* [Exercise instructions]:
Below is a listing. Quote from it, exactly, the lines from the one containing "Gölün Sessizliği. Bulutlu" down to the one containing "3rd image of 201 Belle Ave", both ends included, and nothing else.

* [Supplied data]:
==============================
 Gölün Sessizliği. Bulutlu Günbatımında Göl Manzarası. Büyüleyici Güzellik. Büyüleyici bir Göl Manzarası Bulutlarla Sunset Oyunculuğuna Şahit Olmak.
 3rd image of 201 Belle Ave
==============================
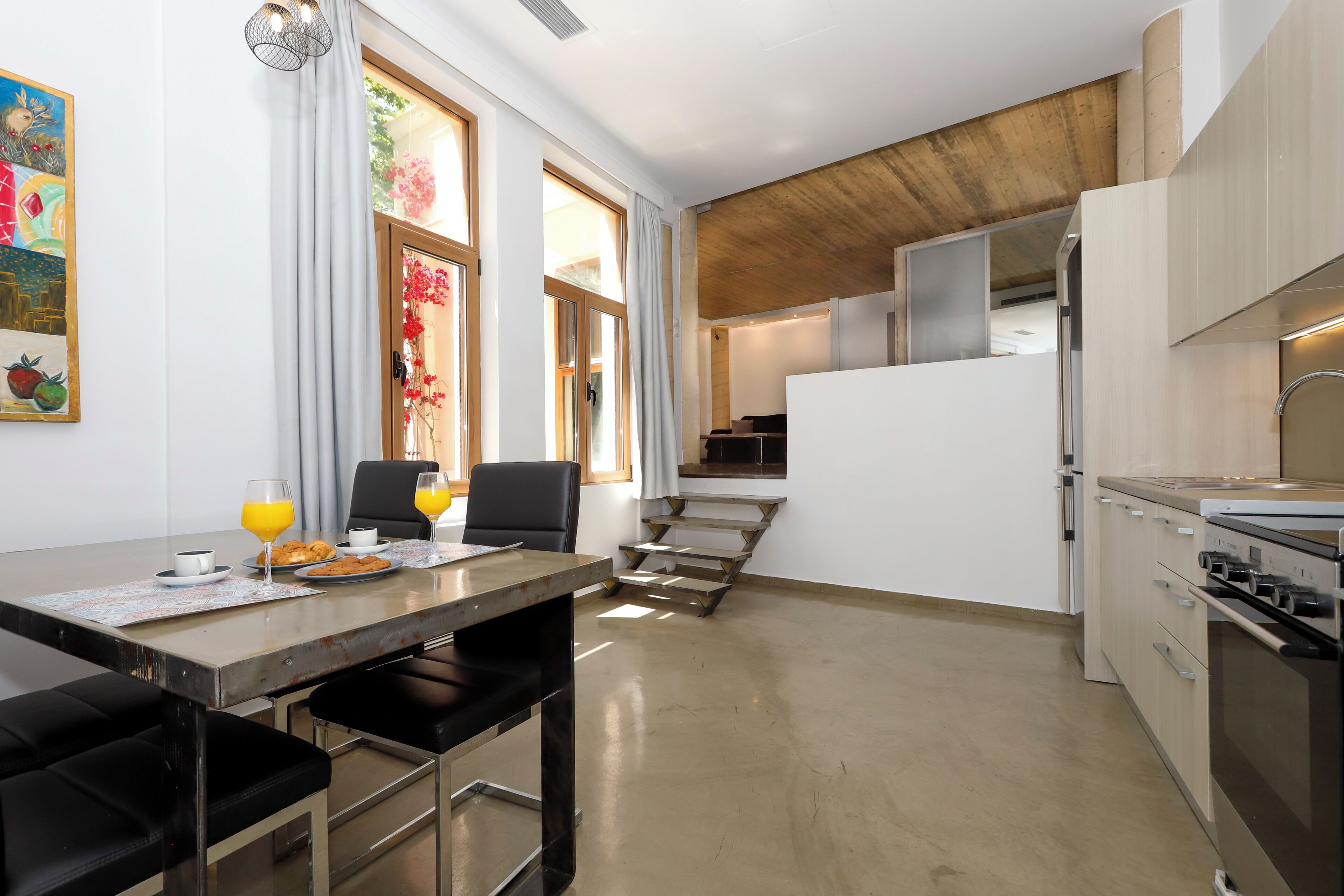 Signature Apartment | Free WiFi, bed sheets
==============================
* [Response for this exercise]:
 Gölün Sessizliği. Bulutlu Günbatımında Göl Manzarası. Büyüleyici Güzellik. Büyüleyici bir Göl Manzarası Bulutlarla Sunset Oyunculuğuna Şahit Olmak.
 3rd image of 201 Belle Ave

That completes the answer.